Ma se ne producono tanti! o almeno, vengono prodotti tanti testi che aspirano a essere artistici, cioè a ricoprire questo ruolo mitologizzante, che trasforma la quotidianità in leggenda, fornendo un senso alla banalità del mondo. Ne vengono prodotti tanti, ma sono pochi quelli che riescono davvero ad assolvere il proprio ruolo.

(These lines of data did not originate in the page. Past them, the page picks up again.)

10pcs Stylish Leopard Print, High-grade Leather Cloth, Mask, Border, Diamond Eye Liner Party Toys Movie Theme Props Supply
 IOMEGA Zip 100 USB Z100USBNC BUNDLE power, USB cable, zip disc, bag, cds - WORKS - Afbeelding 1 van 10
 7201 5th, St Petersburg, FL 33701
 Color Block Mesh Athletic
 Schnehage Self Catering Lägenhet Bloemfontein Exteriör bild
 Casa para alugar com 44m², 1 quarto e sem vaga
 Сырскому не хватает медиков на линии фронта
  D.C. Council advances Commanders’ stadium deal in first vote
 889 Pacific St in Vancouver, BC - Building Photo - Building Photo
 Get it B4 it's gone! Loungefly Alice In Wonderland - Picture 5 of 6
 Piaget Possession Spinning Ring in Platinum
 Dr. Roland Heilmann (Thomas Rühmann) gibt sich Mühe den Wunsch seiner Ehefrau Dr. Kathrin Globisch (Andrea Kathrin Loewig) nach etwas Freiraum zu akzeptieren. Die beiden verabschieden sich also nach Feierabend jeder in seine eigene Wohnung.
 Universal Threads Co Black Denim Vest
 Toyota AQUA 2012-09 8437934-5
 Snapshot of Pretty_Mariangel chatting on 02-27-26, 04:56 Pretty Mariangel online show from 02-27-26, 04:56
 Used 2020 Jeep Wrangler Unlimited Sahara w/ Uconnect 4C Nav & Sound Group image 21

La critica non serve principalmente a fornire delle chiavi di lettura dei testi artistici, anche se qualche volta per fortuna lo fa. Il suo scopo principale, mi sembra, è sacralizzare, mitologizzare i testi (gli autori) di cui sceglie di occuparsi. Insomma, se gli artisti, quelli veri, sono i sacerdoti del mondo, poiché producono opere che danno senso al mondo, i critici sono i sacerdoti degli artisti, poiché fanno sì che un artista (un creatore di miti) possa essere riconosciuto come tale.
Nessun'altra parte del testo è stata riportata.